[Opening SOURCE MATERIAL section]
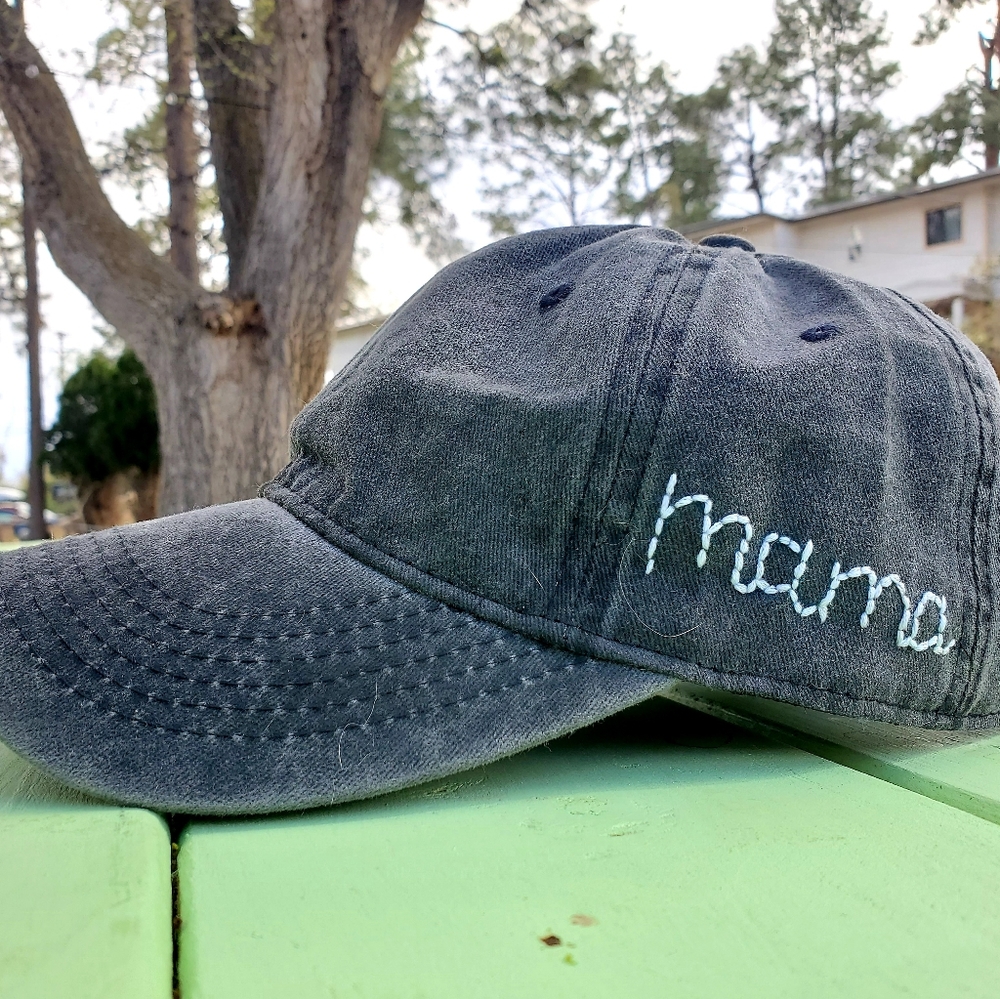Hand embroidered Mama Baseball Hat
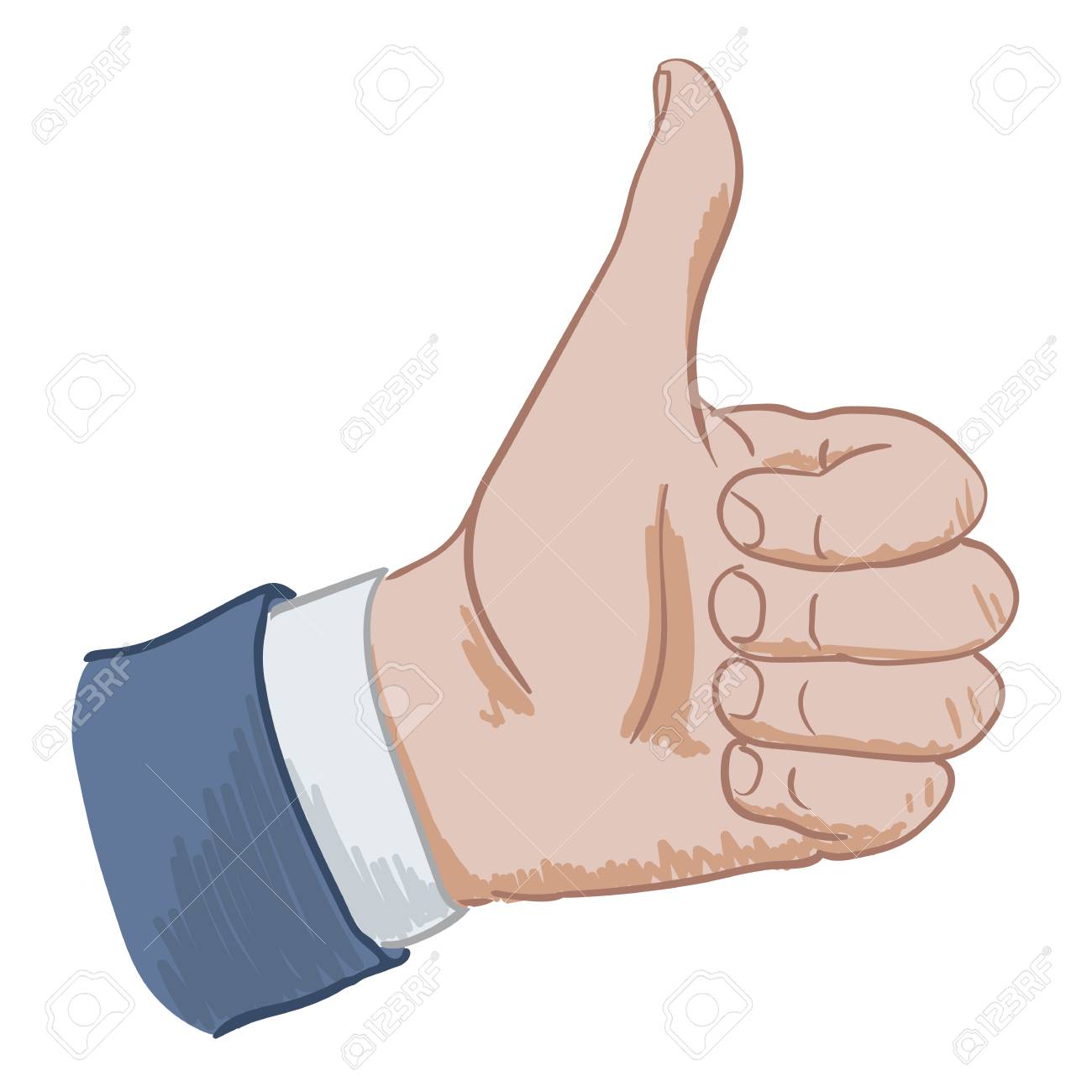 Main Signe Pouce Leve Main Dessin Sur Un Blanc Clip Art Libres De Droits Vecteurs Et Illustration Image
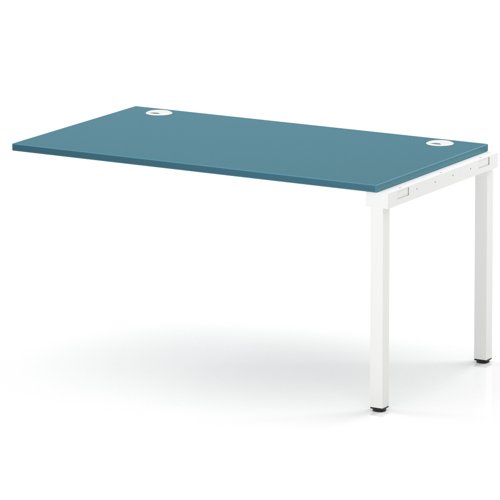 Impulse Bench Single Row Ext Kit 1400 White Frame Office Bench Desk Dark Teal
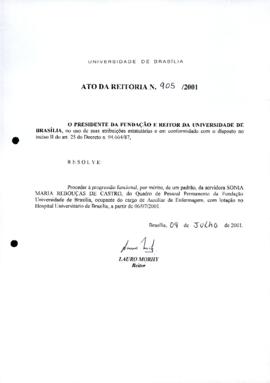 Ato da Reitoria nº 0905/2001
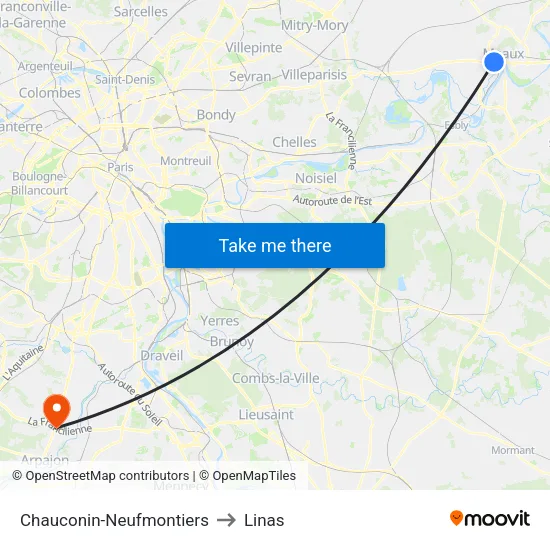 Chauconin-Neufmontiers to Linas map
[Closing SOURCE MATERIAL section]
[Opening SOURCE MATERIAL section]
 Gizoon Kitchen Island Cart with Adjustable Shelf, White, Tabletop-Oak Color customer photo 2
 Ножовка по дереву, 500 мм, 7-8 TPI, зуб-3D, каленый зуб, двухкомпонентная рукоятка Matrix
[Closing SOURCE MATERIAL section]
Although pictures appear among the entries, please set down only the lines from the one with "Impulse Bench Single" up to and including the one with "Chauconin-Neufmontiers to Linas map", word for word.

-- ANSWER FOR THIS EXERCISE --
 Impulse Bench Single Row Ext Kit 1400 White Frame Office Bench Desk Dark Teal
 Ato da Reitoria nº 0905/2001
 Chauconin-Neufmontiers to Linas map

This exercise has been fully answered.